A Note on Optimizing Distributions using Kernel Mean Embeddings
This addresses a limitation in applying kernel mean embeddings to distribution optimization for researchers in machine learning, though it appears incremental as it builds on existing parameterization methods.
The paper tackles the problem of optimizing distributions using kernel mean embeddings by proposing a kernel sum-of-squares parameterization to fit distributions in the MMD geometry, showing denseness and providing algorithms, with results illustrated in a density fitting experiment.

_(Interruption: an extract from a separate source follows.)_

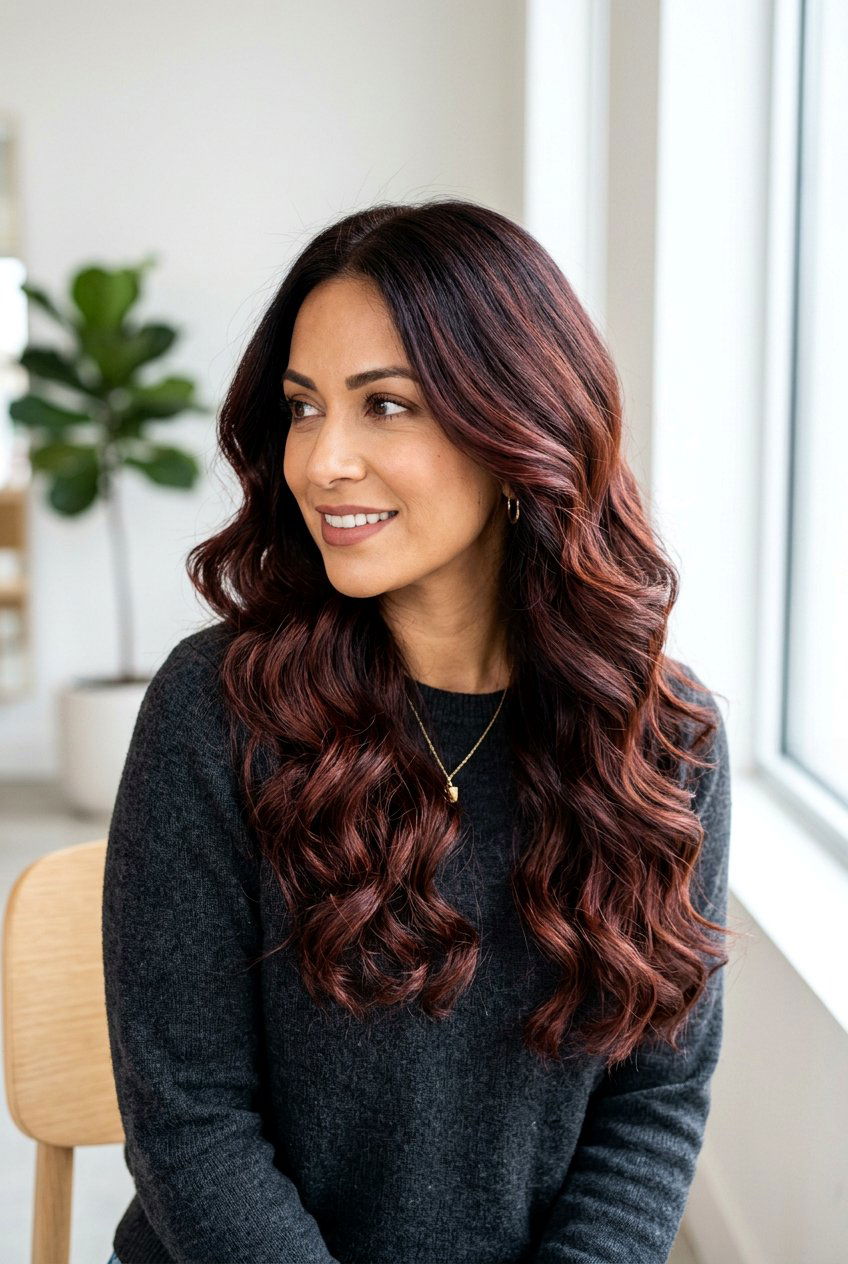 Mahogany Burgundy Balayage - 20 burgundy balayage on dark hair - 20 burgundy balayage on dark hair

Kernel mean embeddings are a popular tool that consists in representing probability measures by their infinite-dimensional mean embeddings in a reproducing kernel Hilbert space. When the kernel is characteristic, mean embeddings can be used to define a distance between probability measures, known as the maximum mean discrepancy (MMD). A well-known advantage of mean embeddings and MMD is their low computational cost and low sample complexity. However, kernel mean embeddings have had limited applications to problems that consist in optimizing distributions, due to the difficulty of characterizing which Hilbert space vectors correspond to a probability distribution. In this note, we propose to leverage the kernel sums-of-squares parameterization of positive functions of Marteau-Ferey et al. [2020] to fit distributions in the MMD geometry. First, we show that when the kernel is characteristic, distributions with a kernel sum-of-squares density are dense. Then, we provide algorithms to optimize such distributions in the finite-sample setting, which we illustrate in a density fitting numerical experiment.